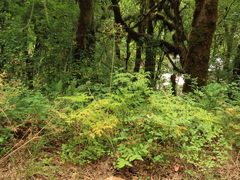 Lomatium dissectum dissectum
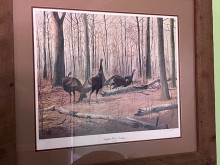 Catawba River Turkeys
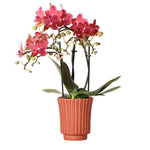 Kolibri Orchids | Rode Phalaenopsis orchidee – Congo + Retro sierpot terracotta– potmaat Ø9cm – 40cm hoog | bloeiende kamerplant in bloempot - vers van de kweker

--

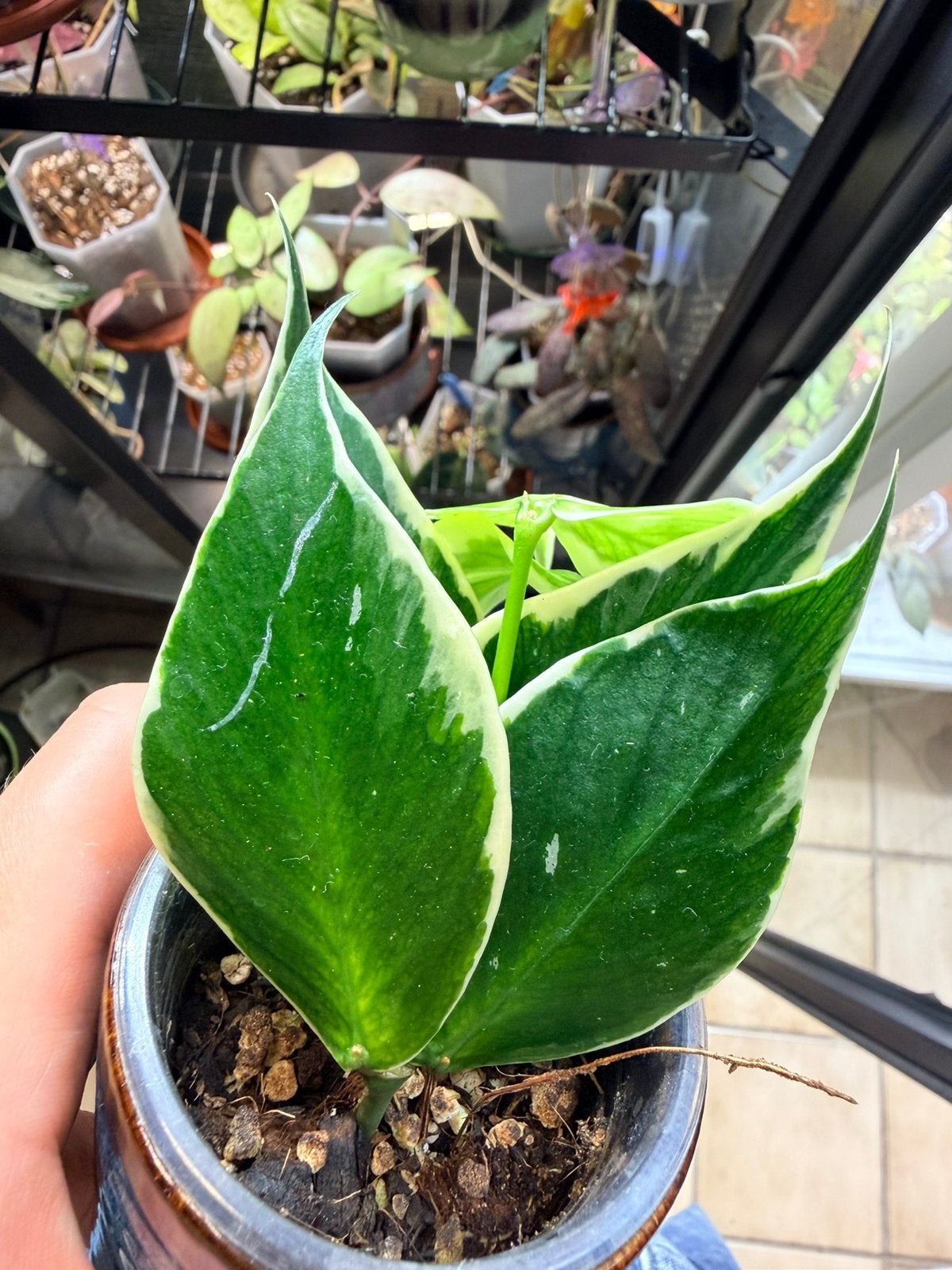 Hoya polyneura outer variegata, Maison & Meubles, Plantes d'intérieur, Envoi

• **What is needed**
Taking the records above, print only and exactly the lines from the line with "Catawba River Turkeys" to the line with "Kolibri Orchids |", both kept, and exclude pictures.

• **Result of the exercise**
 Catawba River Turkeys
 Kolibri Orchids | Rode Phalaenopsis orchidee – Congo + Retro sierpot terracotta– potmaat Ø9cm – 40cm hoog | bloeiende kamerplant in bloempot - vers van de kweker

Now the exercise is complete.